Fourth Drizzle

Chapter Four

I was right when I thought that I’ve seen him before—and it’s not even linked to my bygone childhood memories or even the ones that my mind chose to forget—it’s neither of the two that triggered the first of the recent encounters that I’ve had with him.

One day in New Zealand when I was 14, I happened to come across a stranger, a young-looking man embracing a peculiar indifferent impression around him. I couldn’t exactly remember even the minor details I had with that stranger, but all I knew is that he was wearing something yellow—a yellow shirt, perhaps, and that I could see his hooded slanted eyes.

I don’t really remember everything specific and detailed on that day. But I was sure it was him all this time. And I was right; my intuition was right all along.

The occasional breeze of the southwestern wind caused the brittle charring leaves to rustle above and also cuddled the people every now and then. Its waft whispered melody just as the swift rush of it composed around the surroundings. It was an odd chilly day in the park.

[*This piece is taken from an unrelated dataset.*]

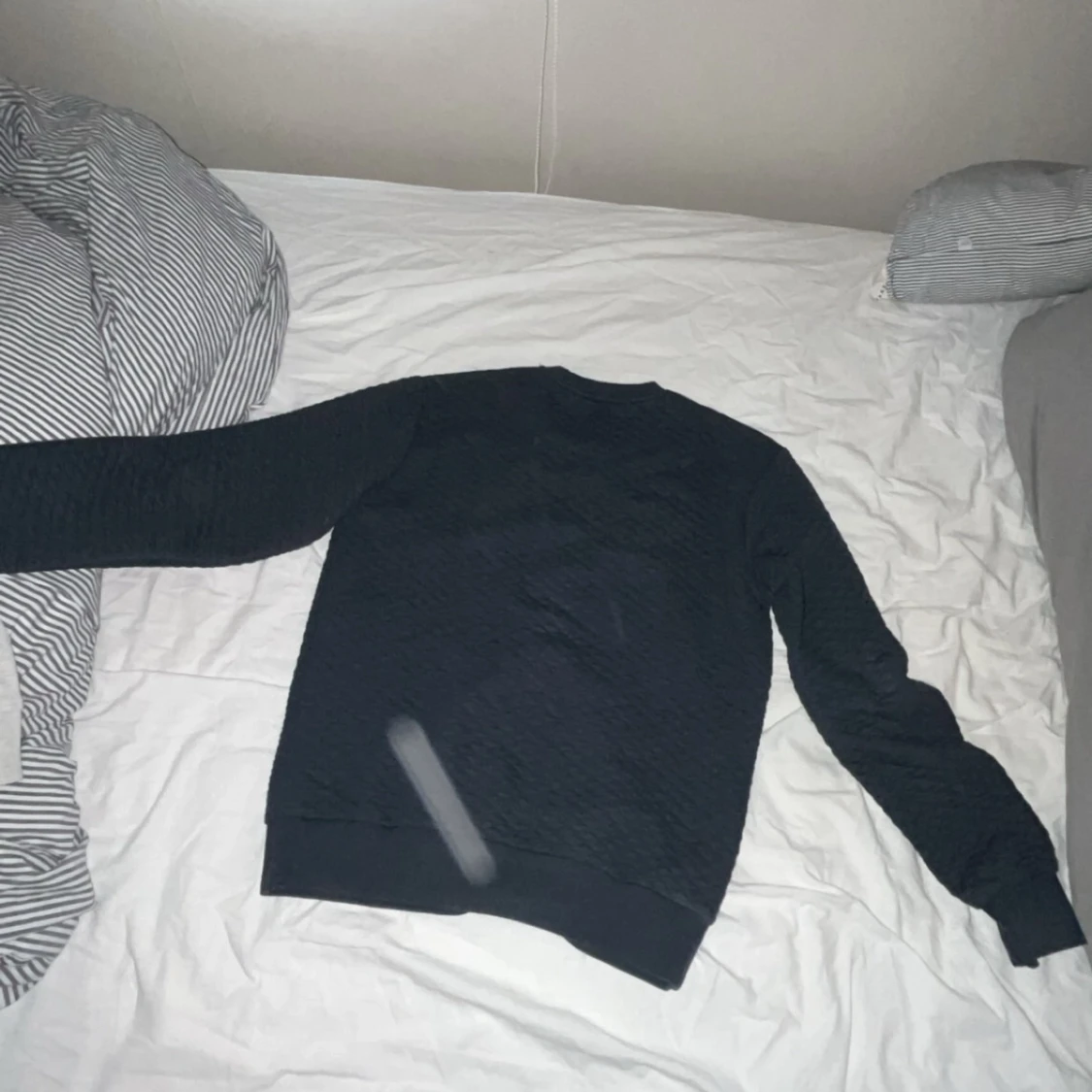 Svart sweatshirt från House Brand L - 1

But I met him. Thick and dark eyebrows rose above russet hues; I met his heavy yet with a hint of gentle look on his face when I run into him. I stared on those brown orbs and I felt myself pulled into vagueness with his static gaze. It wasn’t welcoming to the feeling; I was absorbed to the new and strange impressions.

And it was what I hated the most. To encounter something new; to feel something raw; to touch something foreign; to meet the unknown; and to realize that I’m probably a fool to someone…because I looked ignorant of knowledge—that I knew nothing—because I couldn’t remember.

He was just there, a humble distance of two meters away from me when our eyes locked into each other. I was out for a walk to ease myself because of my recent attack of nausea and headache. But I guess another wave of insecurity and anxiety washed over me when I faced him, the stranger.

And it was the first time I saw him, after when I wasn’t able to retrieve any more of my memories. But, it wasn’t the only encounters I had with him in New Zealand. However, I couldn’t remember any of it any longer, or I chose not to dwell in the past again.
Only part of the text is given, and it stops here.